=== Begin Enclosure ===

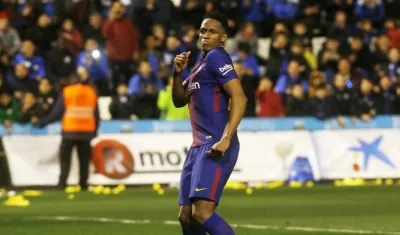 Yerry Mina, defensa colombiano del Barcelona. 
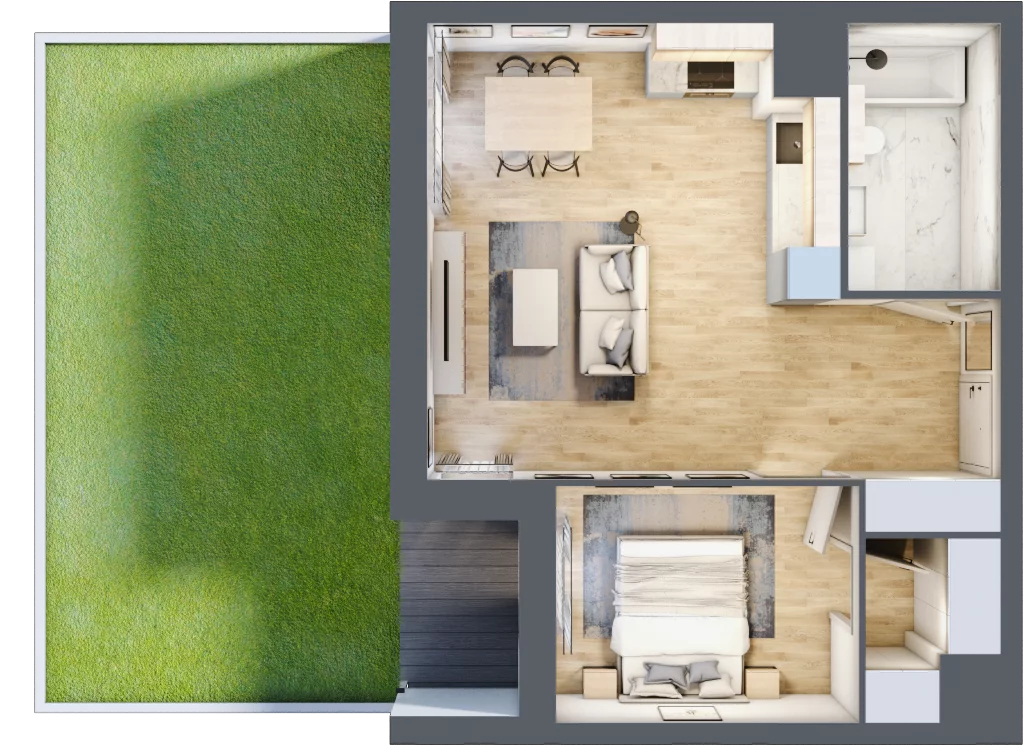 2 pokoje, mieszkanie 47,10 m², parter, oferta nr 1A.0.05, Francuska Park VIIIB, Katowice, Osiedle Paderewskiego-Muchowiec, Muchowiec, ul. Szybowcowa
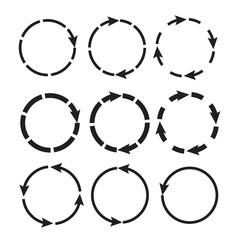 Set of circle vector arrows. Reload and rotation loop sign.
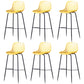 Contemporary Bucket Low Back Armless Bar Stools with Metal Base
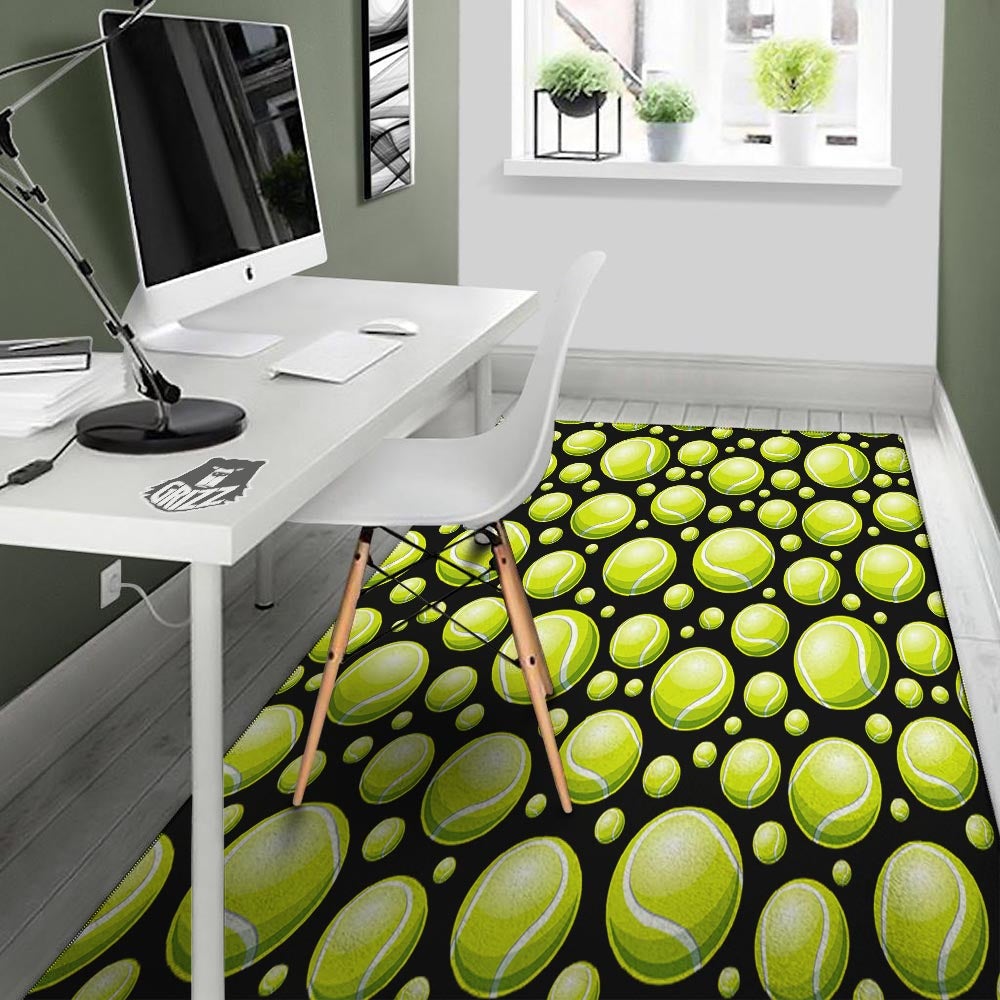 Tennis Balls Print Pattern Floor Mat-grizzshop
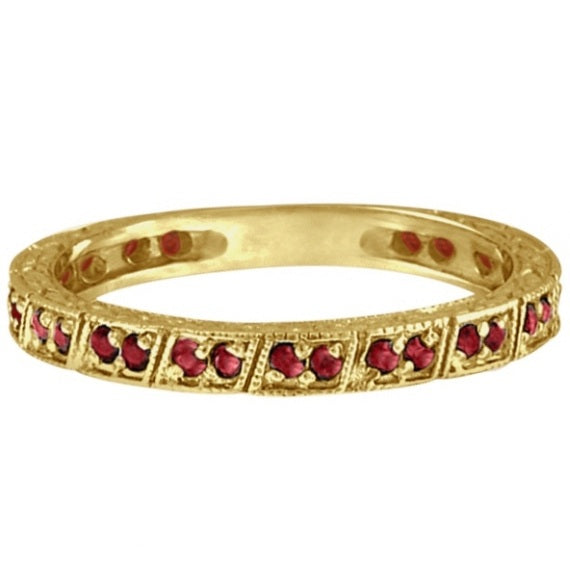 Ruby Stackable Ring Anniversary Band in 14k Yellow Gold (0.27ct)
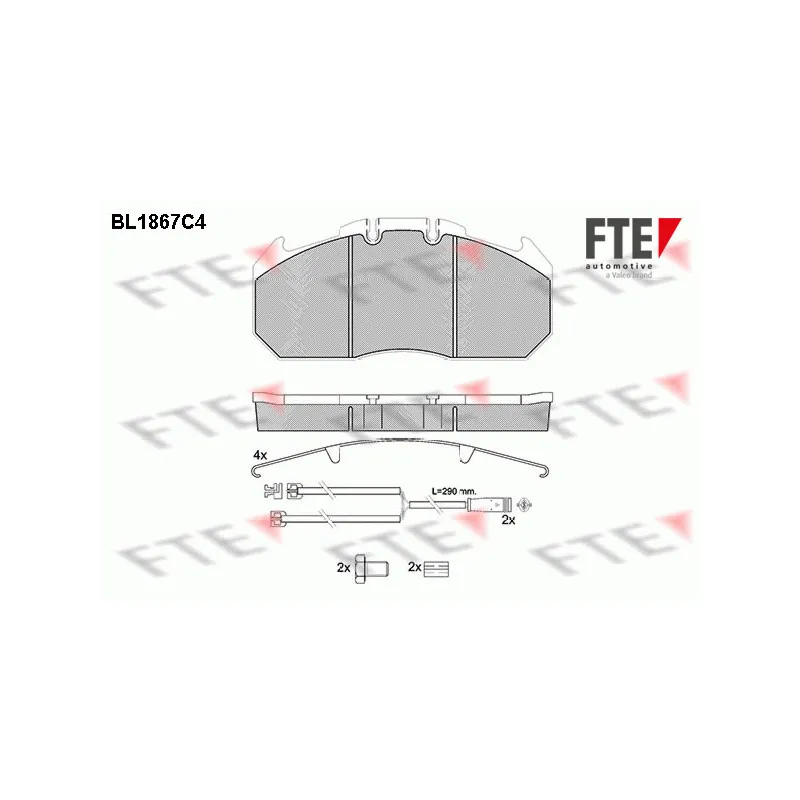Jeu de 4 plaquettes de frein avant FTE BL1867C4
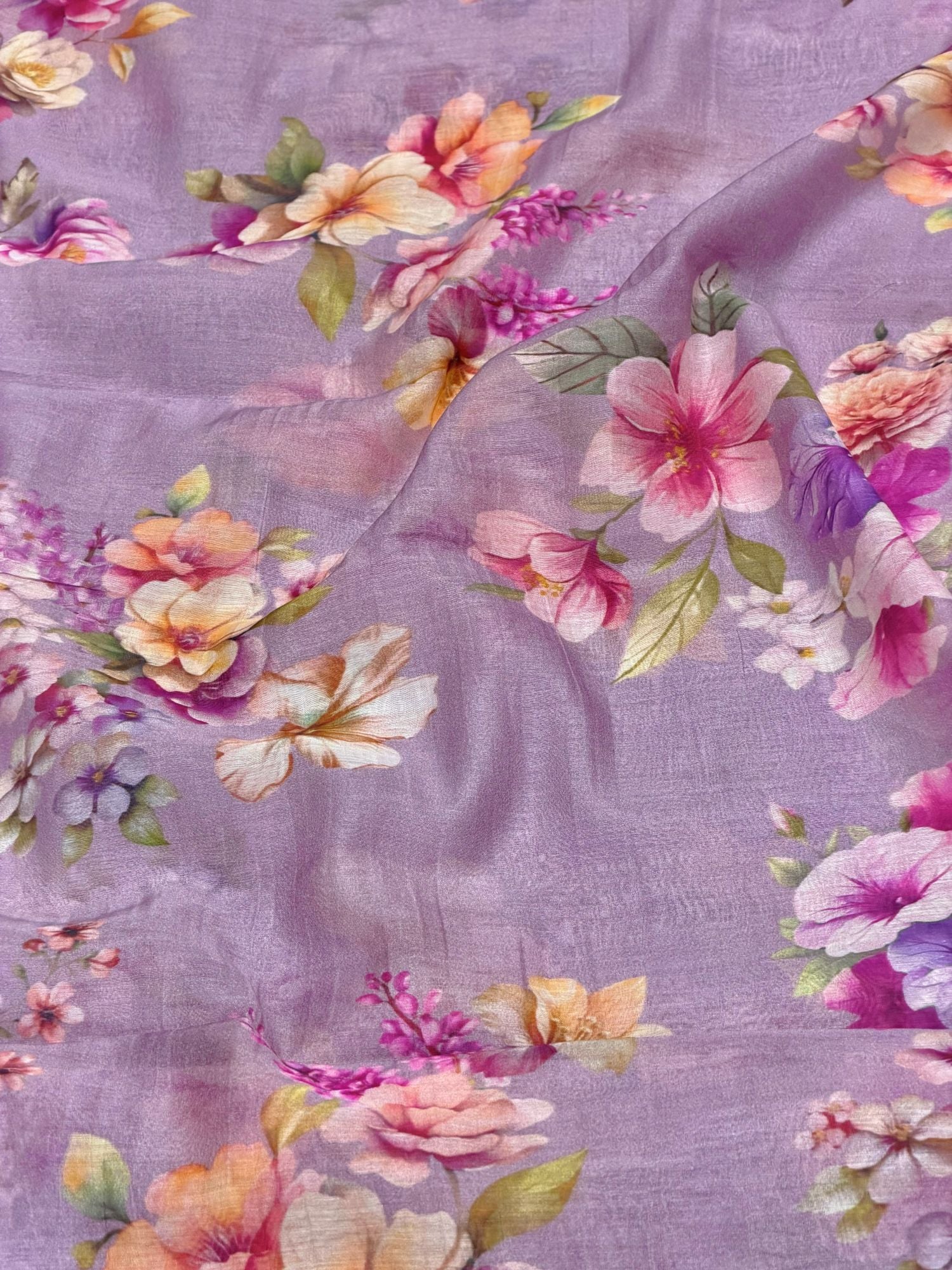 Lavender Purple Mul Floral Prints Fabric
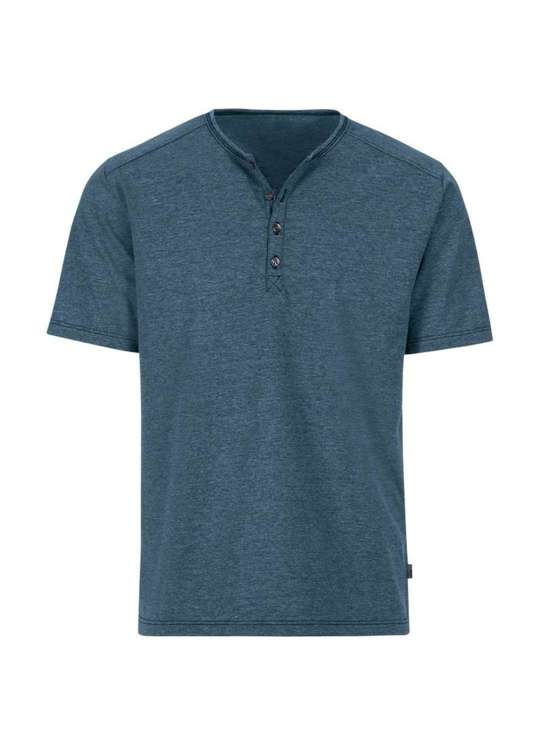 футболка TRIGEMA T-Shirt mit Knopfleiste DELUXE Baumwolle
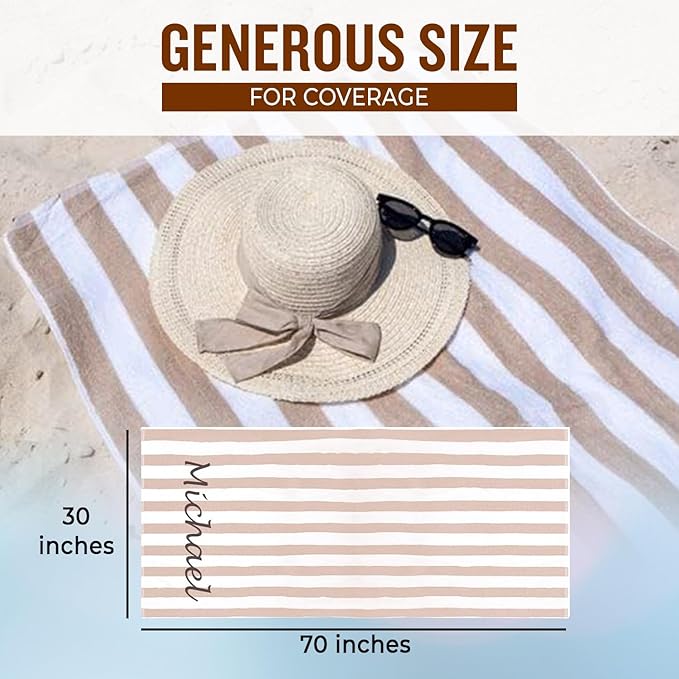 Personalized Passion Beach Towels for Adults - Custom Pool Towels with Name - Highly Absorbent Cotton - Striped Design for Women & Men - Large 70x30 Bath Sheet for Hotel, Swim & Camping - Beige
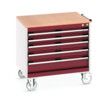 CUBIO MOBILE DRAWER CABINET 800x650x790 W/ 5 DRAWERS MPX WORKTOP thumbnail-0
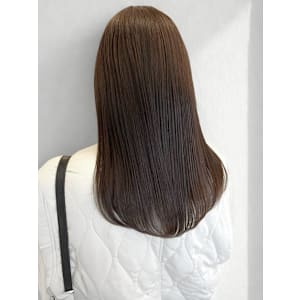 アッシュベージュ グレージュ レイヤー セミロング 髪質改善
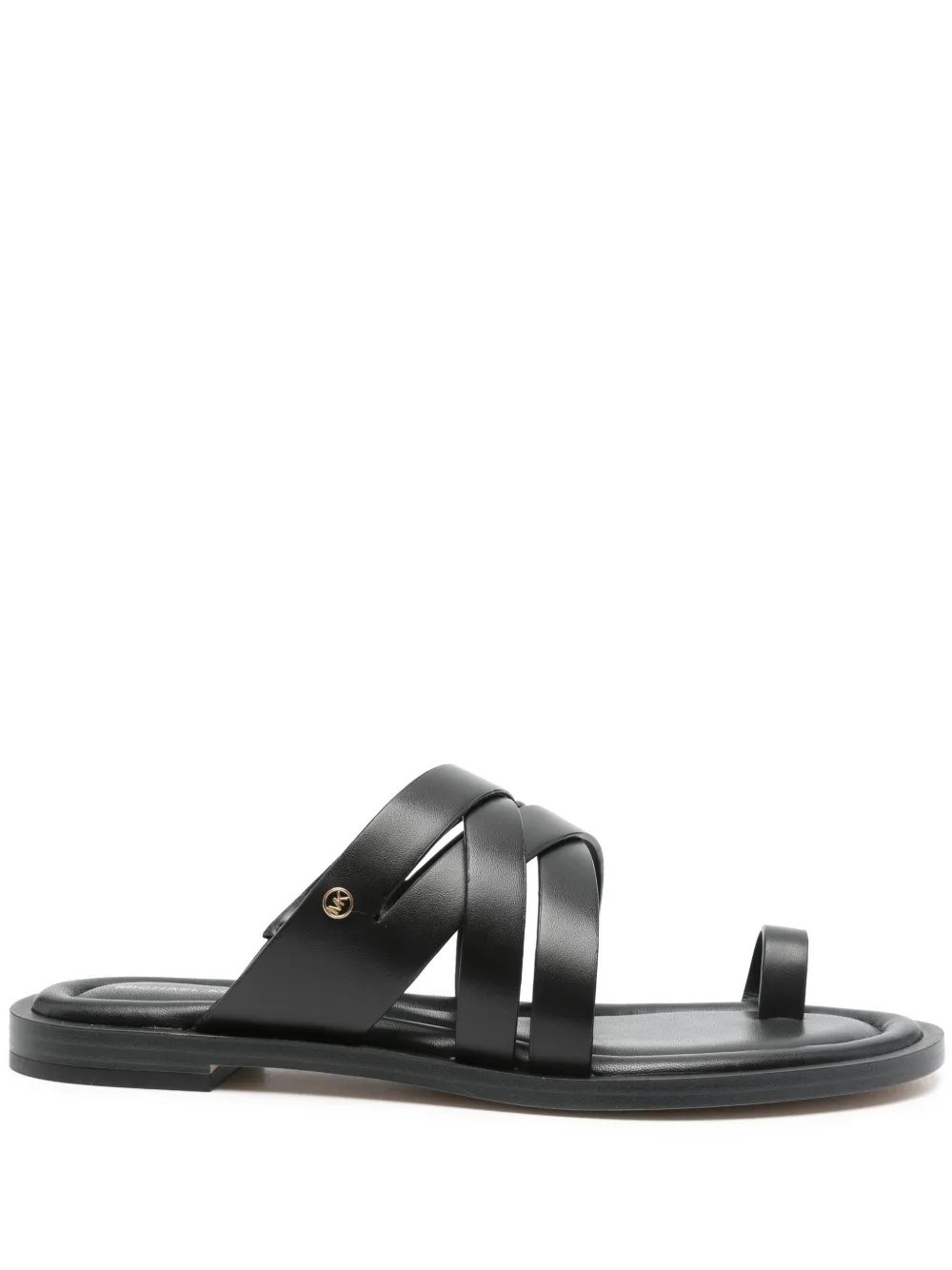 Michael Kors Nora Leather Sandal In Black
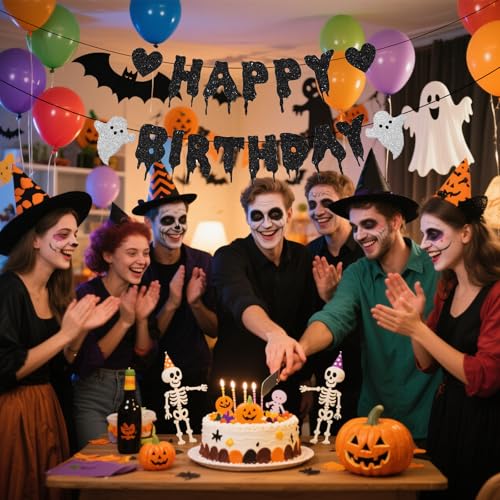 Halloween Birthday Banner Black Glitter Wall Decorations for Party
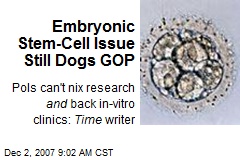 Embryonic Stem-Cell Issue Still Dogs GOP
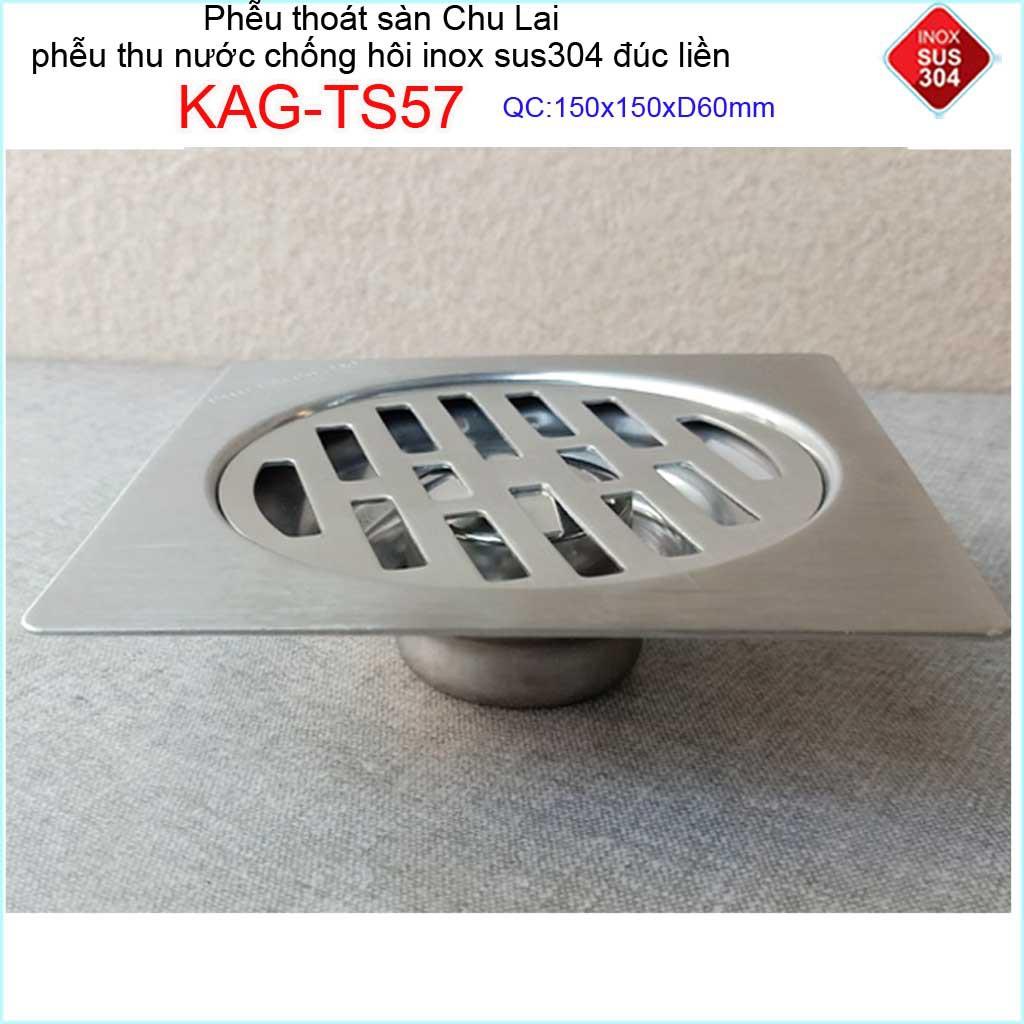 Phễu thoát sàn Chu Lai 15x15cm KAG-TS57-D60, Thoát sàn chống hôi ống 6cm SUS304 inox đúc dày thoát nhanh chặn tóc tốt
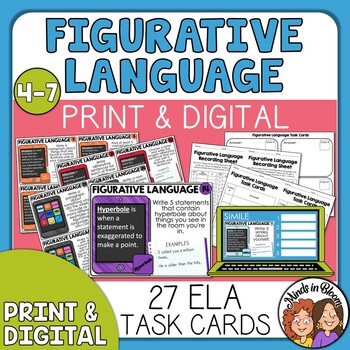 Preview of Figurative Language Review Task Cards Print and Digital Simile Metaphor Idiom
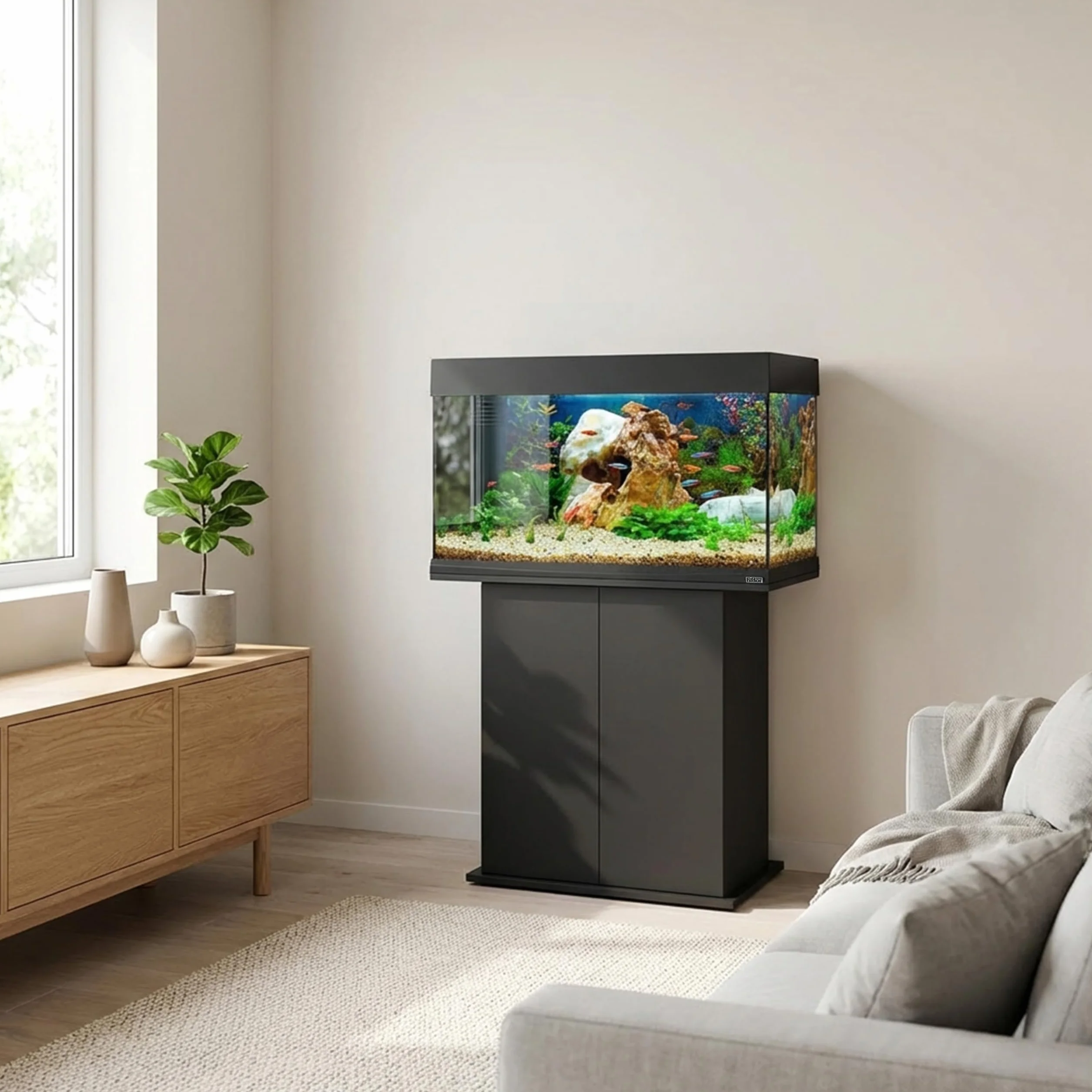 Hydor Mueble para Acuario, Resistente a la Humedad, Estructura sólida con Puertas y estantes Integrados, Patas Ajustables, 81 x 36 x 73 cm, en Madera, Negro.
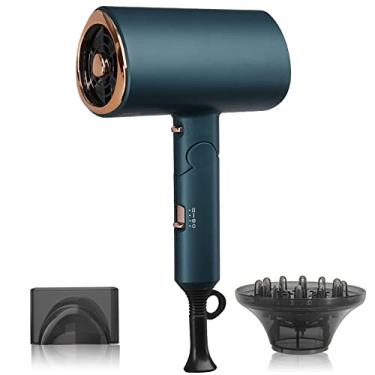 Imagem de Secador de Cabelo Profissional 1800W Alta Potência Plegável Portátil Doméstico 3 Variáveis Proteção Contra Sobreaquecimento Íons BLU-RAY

=== End Enclosure ===

Assignment: From the records above, transcribe only the stretch from the line with "Personalized Passion Beach" through the line with "Embryonic Stem-Cell Issue Still Dogs GOP", keeping both ends. Omit pictures.

Answer box:
 Personalized Passion Beach Towels for Adults - Custom Pool Towels with Name - Highly Absorbent Cotton - Striped Design for Women & Men - Large 70x30 Bath Sheet for Hotel, Swim & Camping - Beige
 CUBIO MOBILE DRAWER CABINET 800x650x790 W/ 5 DRAWERS MPX WORKTOP thumbnail-0
 アッシュベージュ グレージュ レイヤー セミロング 髪質改善
 Michael Kors Nora Leather Sandal In Black
 Halloween Birthday Banner Black Glitter Wall Decorations for Party
 Embryonic Stem-Cell Issue Still Dogs GOP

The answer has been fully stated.